Illustration of the proposed crowd tracking using local features: a exemplary frame, b local features extraction using FAST, c feature tracks over time using RLOF

3.1 Extraction of local features

One of the key aspects of crowd tracking is feature extraction. Under the assumption that regions of low density crowd tend to present less dense local features compared to high-density crowd, we propose to use local features as a description of the crowd by relating dense or sparse local features to the crowd size. For local features, we assess features from accelerated segment test (FAST) [22].

Features from accelerated segment test is proposed for corner detection in a fast and a reliable way. It depends on a wedge model style corner detection. Also, it uses machine learning techniques to find automatically optimal segment test heuristics. The segment test criterion considers 16 surrounding pixels of each corner candidate P (of intensity \(I_P\)). Then, P is labeled as corner if there exist n contiguous pixels in the circle (of 16 pixels) that are all brighter than (\(I_P +t\)) or all darker than (\(I_P -t\)). In the experiments, n and t are set to 12 and 30, accordingly.

The reason behind selecting this feature for crowd measurement is as follows: FAST was proposed for corner detection in a reliable way. It has the advantage of being able to find small regions which are outstandingly different from their surrounding pixels. In addition, FAST was used in [7] to detect dense crowds from aerial images and the derived results demonstrate a reliable detection of crowded regions.
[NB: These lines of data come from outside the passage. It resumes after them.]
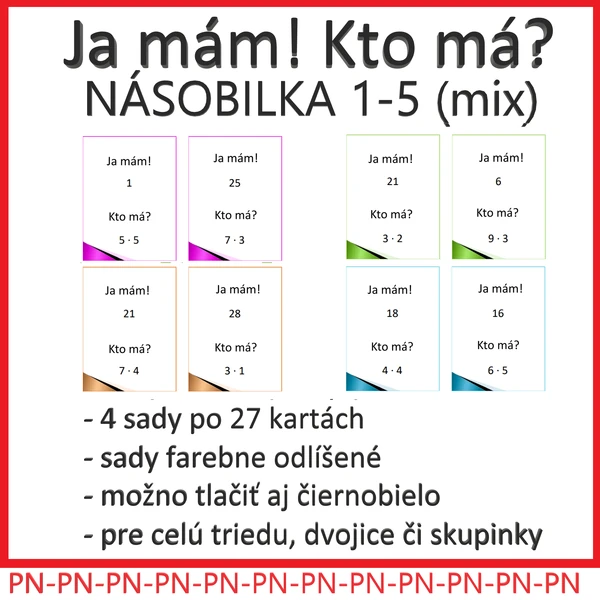 Ja mám! Kto má? NÁSOBILKA 1-5 (mix)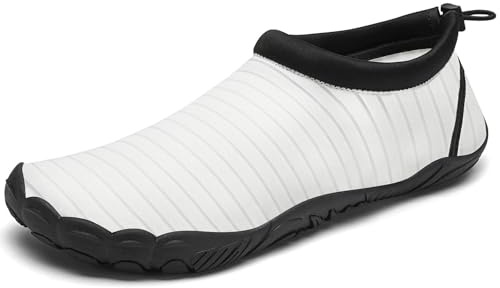 Mishansha Badeschuhe Herren Damen Wasserschuhe Atmungsaktive Schnell Trocknend Schwimmschuhe rutschfeste Leicht Barfußschuhe fur Männer Frauen, Weiß, 43 EU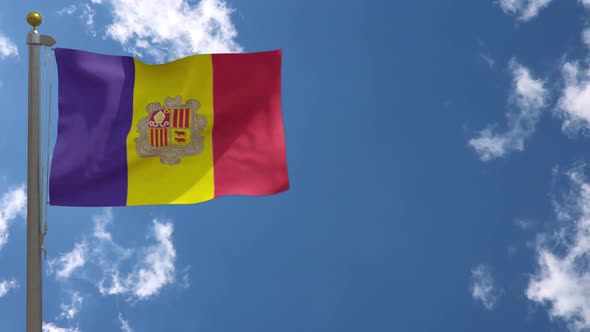 Andorra Flag On Flagpole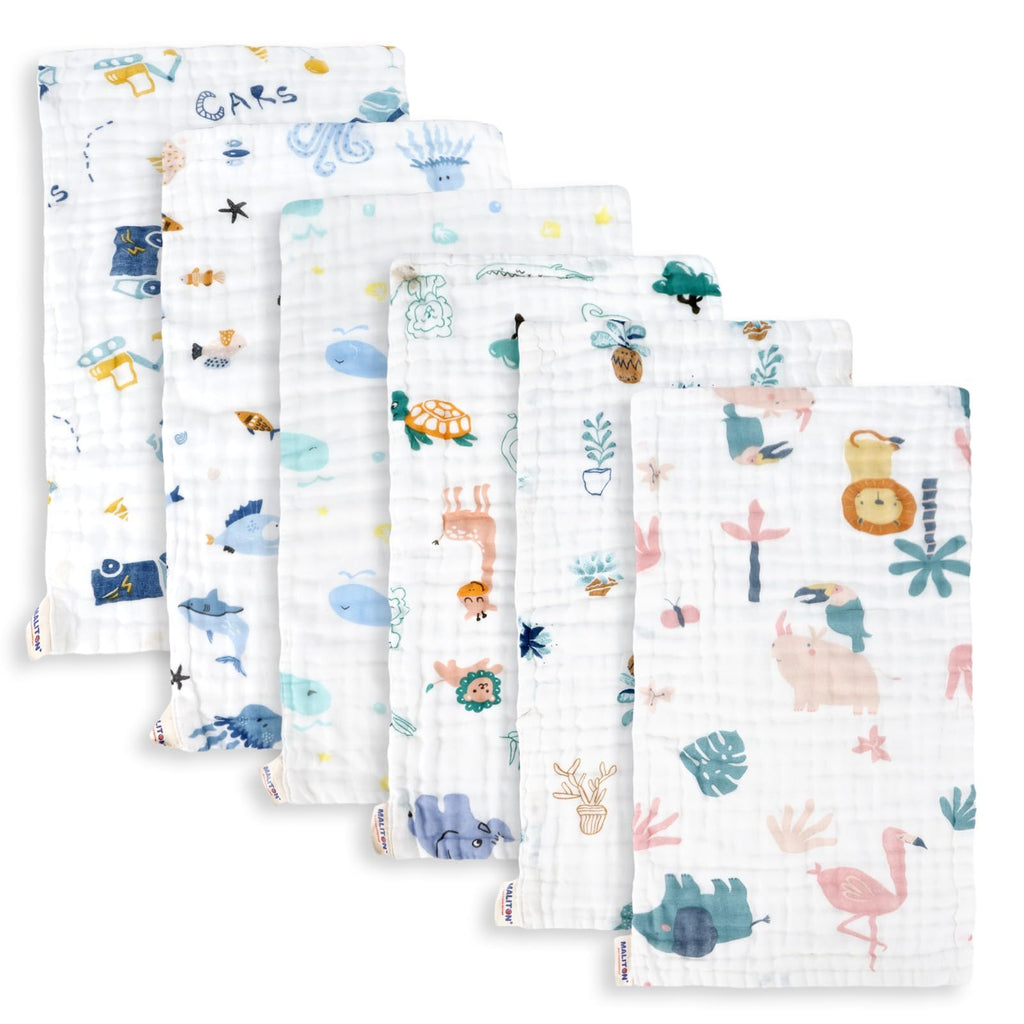 Muslin Baby Burp Cloths 6 Pack Large 20''x10'' 100% Cotton Burp Rags Absorbent and Soft 6 Layers Muslin Cloth Baby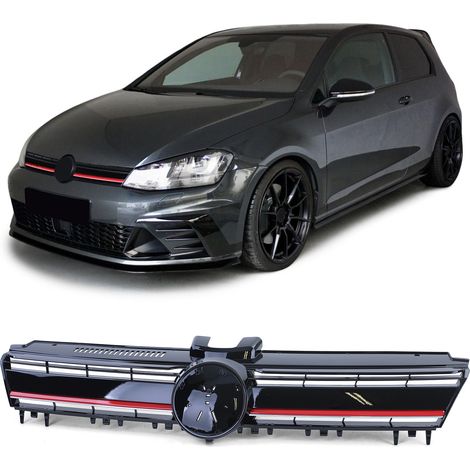 Rejilla de coche - VW Golf 7 12-17 - Negro Rojo R Sport Look - Negro brillante (1/5)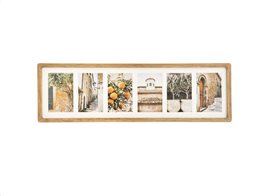 Ξύλινη Πολυκορνίζα Κορνίζα Τοίχου για 6 φωτογραφίες μεγέθους 10x15, 21x1.8x70 cm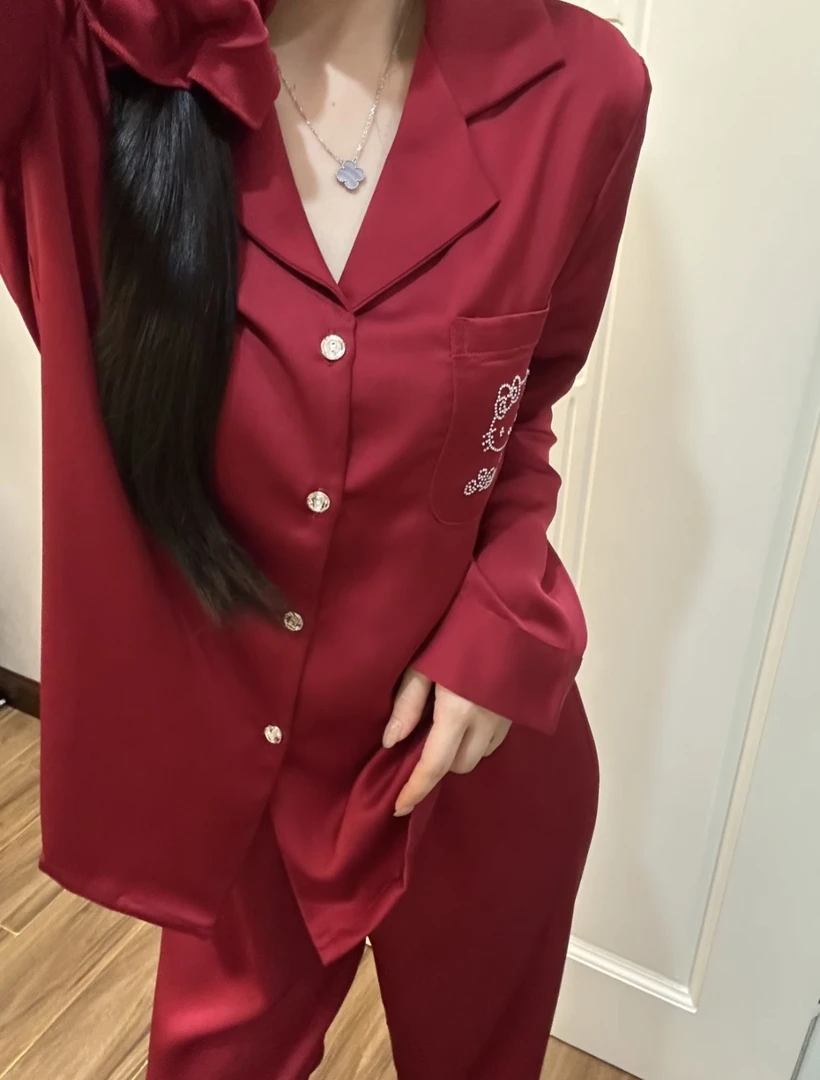 6632大码宽松睡衣女长袖长裤套装黑色kt猫简约可外穿显瘦家居服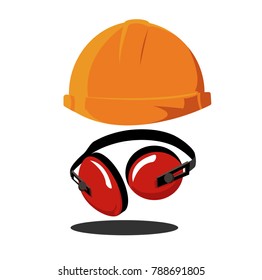 vector. Orange working a construction helmet and headphones red.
3.2 Local features tracking

Local features tracking is performed by assigning motion information to the detected features. In our framework, we apply the robust local optical flow (RLOF) [24, 25], which computes accurate sparse motion fields by means of a robust norm.Footnote 1 A common problem in local optical flow estimation is the choice of feature points to be tracked. Depending on texture and local gradient information, these points often do not lie on the center of an object but rather at its borders and can thus be easily affected by other motion patterns or by occlusion. While RLOF handles these noise effects better than the standard Kanade-Lucas-Tomasi (KLT) feature tracker [27], it is still not prone against all errors. This is why we establish a forward-backward verification scheme where the resulting position of a point is used as input to the same motion estimation step from the second frame into the first one. Points for which this “reverse motion” does not result in their respective initial position are discarded. For all other points, motion information is aggregated to form trajectories by connecting motion vectors computed on consecutive frames. This results a set \({\mathcal {T}}_k\) of \(n_k \) trajectories in every time step k:

$$\begin{aligned} {\mathcal {T}}_k= & {} \left\{ T^k_1,\ldots ,T^k_{n_k} | \right. \nonumber \\ T^k_i= & {} \left. \left\{ X_i\left( k-\varDelta t^k_i \right) , Y_i\left( k-\varDelta t^k_i\right) ,\ldots , X_i(k),Y_i(k)\right\} \right\} \nonumber \\ \end{aligned}$$
(1)

where \(\varDelta t^k_i\) denotes temporal interval between the start and the current frames of a trajectory \(T^k_i\). \(\left( X_i\big (k\!-\!\varDelta t^k_i \big ), Y_i\big (k\!-\!\varDelta t^k_i \big )\right) \), and \((X_i(k),Y_i(k))\) are the coordinates of the feature point at its start and current frames, respectively. The advantage of using trajectories in our system instead of computing the motion vectors only between two consecutive frames is that outliers can be filtered out and the overall motion information is more reliable and less affected by noise, more details about processing these trajectories are presented in the next section.

4 Crowd event attributes

For crowd event attributes, we simultaneously consider local density, speed and orientation. These attributes are extracted from our proposed sparse feature tracking framework described in Sect. 3. For local density, a probability density function (pdf) on the positions of moving local features using a Gaussian kernel density is computed, whereas, speed and orientation are estimated from motion vectors. An illustration of the modules of crowd attributes extraction is shown in Fig. 2.

Fig. 2
figure 2

Illustration of the proposed crowd attributes: crowd tracking using local features, estimation of crowd density map after distinction between moving (green) and static (red) features, estimation of speed and flow direction from motion vectors

4.1 Local crowd density

Our proposed local crowd density is estimated by measuring how close local features are. This is based on the observation the more local features come towards each other, the higher crowd density is perceived. Since the extracted local features defined in Sect. 3.1 contain components irrelevant to the crowd density, we need to add a separation step between foreground and background entities to our system. This feature selection process can be optimally done by computing the overall motion \(\varGamma ^k_i\) of each trajectory \(T^k_i\) (tracks of an extracted local feature). \(\varGamma ^k_i\), which denotes the average displacement between \(\left( k-\varDelta t^k_i \right) \)th and the current frame k, is compared to a small constant \(\zeta \) (set to 1). Moving features are then identified by the relation \(\varGamma ^k_i >\zeta \) while others are considered as part of static background.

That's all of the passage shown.